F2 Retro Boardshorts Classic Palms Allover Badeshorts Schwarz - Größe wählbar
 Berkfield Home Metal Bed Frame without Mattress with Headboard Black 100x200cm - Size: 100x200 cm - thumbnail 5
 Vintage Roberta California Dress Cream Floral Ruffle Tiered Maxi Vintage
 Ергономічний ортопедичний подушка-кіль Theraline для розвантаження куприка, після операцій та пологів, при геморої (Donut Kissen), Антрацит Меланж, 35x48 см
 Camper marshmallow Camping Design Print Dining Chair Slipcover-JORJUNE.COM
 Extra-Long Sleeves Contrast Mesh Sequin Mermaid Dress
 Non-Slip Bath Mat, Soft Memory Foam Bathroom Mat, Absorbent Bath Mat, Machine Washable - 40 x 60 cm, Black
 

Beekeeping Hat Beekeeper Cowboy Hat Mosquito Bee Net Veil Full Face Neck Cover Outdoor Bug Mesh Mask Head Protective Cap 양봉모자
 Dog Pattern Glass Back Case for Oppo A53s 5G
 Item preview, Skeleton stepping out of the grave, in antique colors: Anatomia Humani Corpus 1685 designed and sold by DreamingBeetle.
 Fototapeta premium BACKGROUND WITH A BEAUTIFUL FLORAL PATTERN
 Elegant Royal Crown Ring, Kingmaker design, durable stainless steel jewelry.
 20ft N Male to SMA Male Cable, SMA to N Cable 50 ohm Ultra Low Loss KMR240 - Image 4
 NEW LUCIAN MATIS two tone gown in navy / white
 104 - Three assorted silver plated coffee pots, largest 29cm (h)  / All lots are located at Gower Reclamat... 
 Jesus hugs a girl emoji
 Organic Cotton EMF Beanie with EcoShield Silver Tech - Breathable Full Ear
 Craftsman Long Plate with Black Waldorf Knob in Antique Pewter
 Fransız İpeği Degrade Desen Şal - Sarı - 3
________
▶ Work task
In the material above, find the line containing "Fototapeta premium BACKGROUND" and the line containing "Organic Cotton EMF", then write out exactly those two lines and every line between them, and nothing more.

▶ Answer to this problem
 Fototapeta premium BACKGROUND WITH A BEAUTIFUL FLORAL PATTERN
 Elegant Royal Crown Ring, Kingmaker design, durable stainless steel jewelry.
 20ft N Male to SMA Male Cable, SMA to N Cable 50 ohm Ultra Low Loss KMR240 - Image 4
 NEW LUCIAN MATIS two tone gown in navy / white
 104 - Three assorted silver plated coffee pots, largest 29cm (h)  / All lots are located at Gower Reclamat... 
 Jesus hugs a girl emoji
 Organic Cotton EMF Beanie with EcoShield Silver Tech - Breathable Full Ear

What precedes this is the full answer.